Wednesday, October 26, 2005

New Saunders 

Anyone read George Saunders' short story "In Persuasion Nation" (the title story in his new forthcoming collection) in Harper's?

He's definitely taken his art in a new direction: from stories about dehumanized people whose lives increasingly resemble TV commercials (or the weird embodiment of some anonymous corporate fantasy) to stories about people who actually exist within TV commercials--or more precisely, in eternally-recurring spatio-temporal units known as the "vignettes."
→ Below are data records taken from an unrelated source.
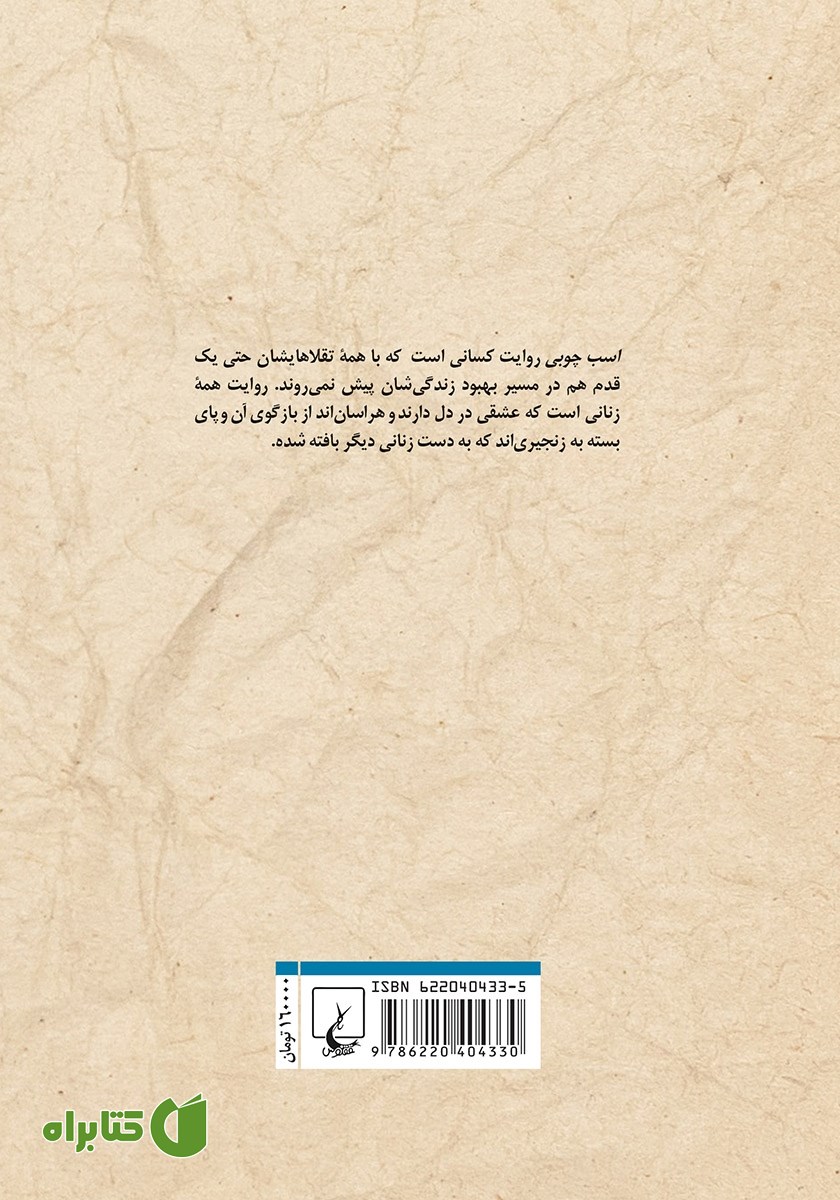 پشت جلد کتاب اسب چوبی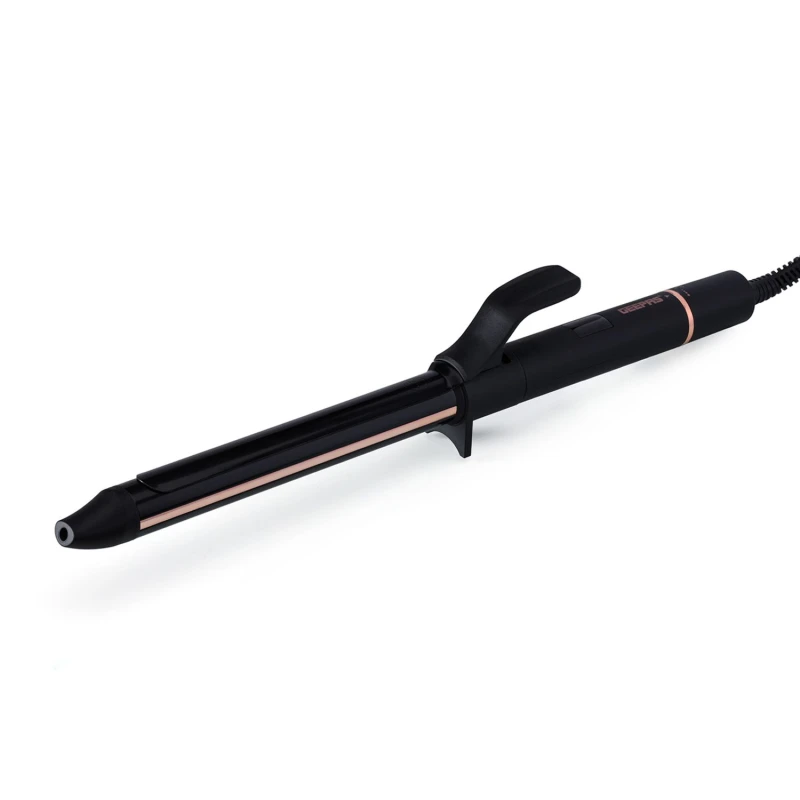 Image of Geepas Hair Curler Curling Wand with Ceramic-Coated Barrel Digital Display in Black Unisex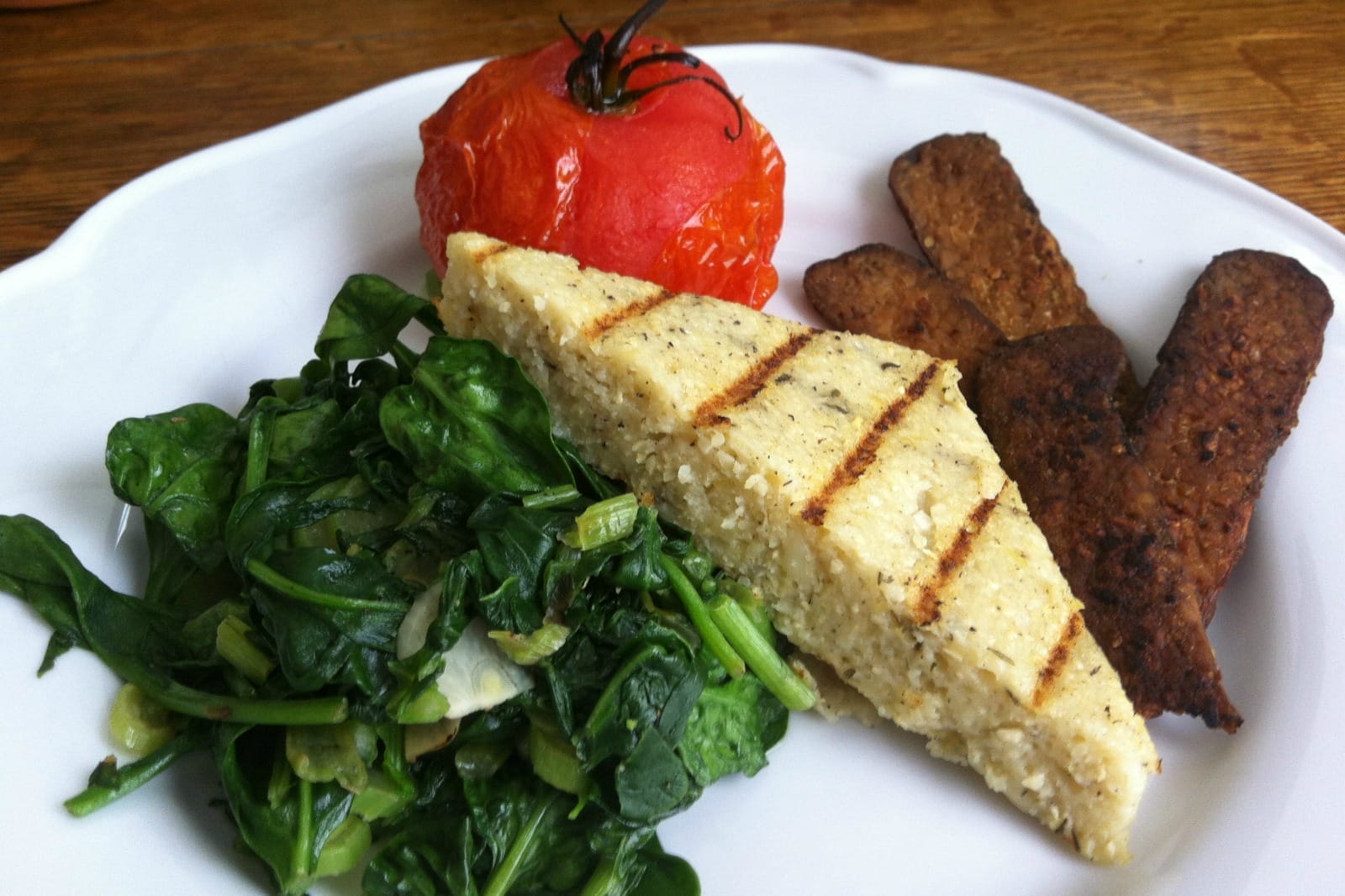Grilled Cheesy Grit Cakes [Vegan]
Saunders has also become increasingly didactic, advancing a thesis that advertising culture, having achieved nearly total control of our consciousnesses, has not only destroyed the sacred and the real but inflicts actual graphic violence upon its victims. These victims are trapped in cycles of endless regressive violence enacted upon (and received from) other victims. Such cycles, Saunders contends, always serve the ends of the advertisers.

Certainly Saunders means for these newer fictions (even more so than his past stories) to serve as works of criticism. I wonder how far such fiction can go without the supplementary context of explicit, argumentative criticism to discuss the issues it raises?

If nothing else, his mastery of a single form--the concise tragicomic parody of TV shows and advertisements--is sufficient to ensure his place the contemporary canon.